## Exercise brief
Reproduce only this stretch of the listing below: from the line with "Long straight warm" through the line with "21 Peças : 01", exactly as written, with pictures excluded.

## Supplied entries
═══

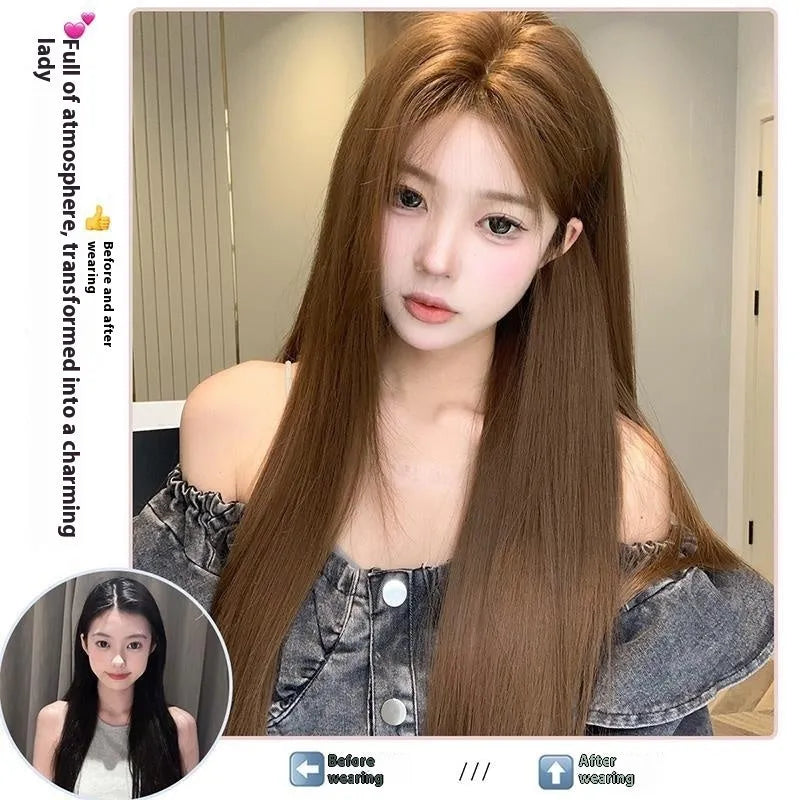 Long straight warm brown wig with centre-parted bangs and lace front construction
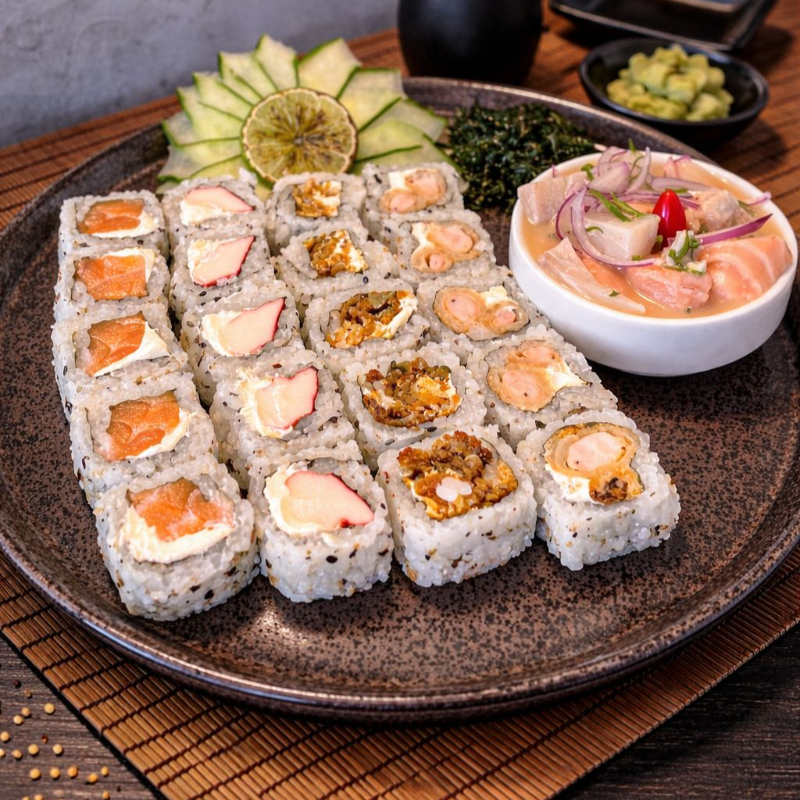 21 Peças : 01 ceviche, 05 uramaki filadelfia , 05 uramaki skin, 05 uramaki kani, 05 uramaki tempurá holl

═══

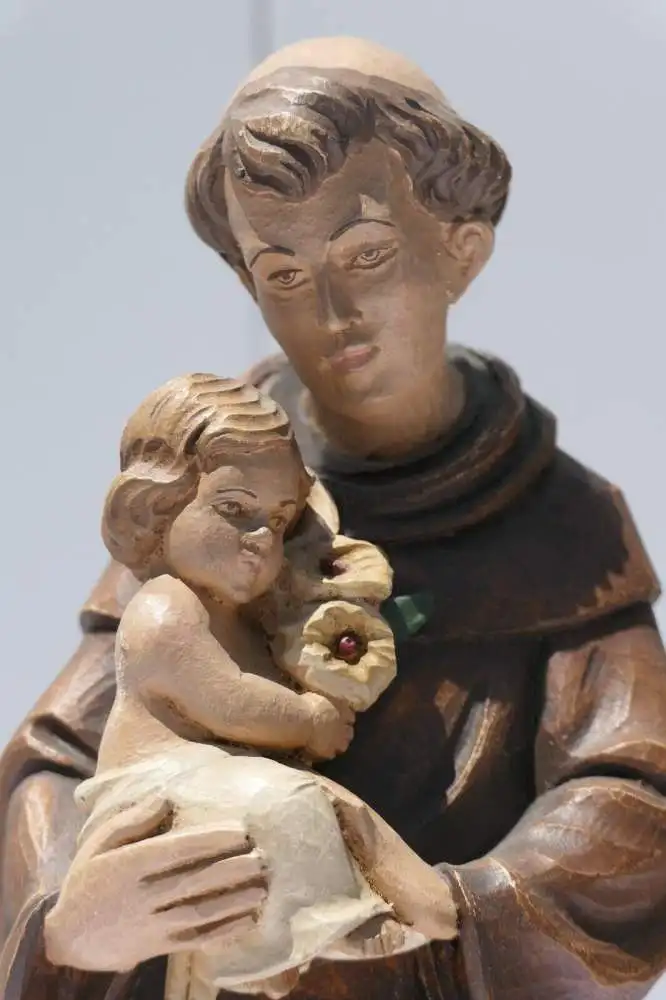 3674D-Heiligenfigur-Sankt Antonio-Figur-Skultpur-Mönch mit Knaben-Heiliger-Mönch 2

═══

## Answer for the task
 Long straight warm brown wig with centre-parted bangs and lace front construction
 21 Peças : 01 ceviche, 05 uramaki filadelfia , 05 uramaki skin, 05 uramaki kani, 05 uramaki tempurá holl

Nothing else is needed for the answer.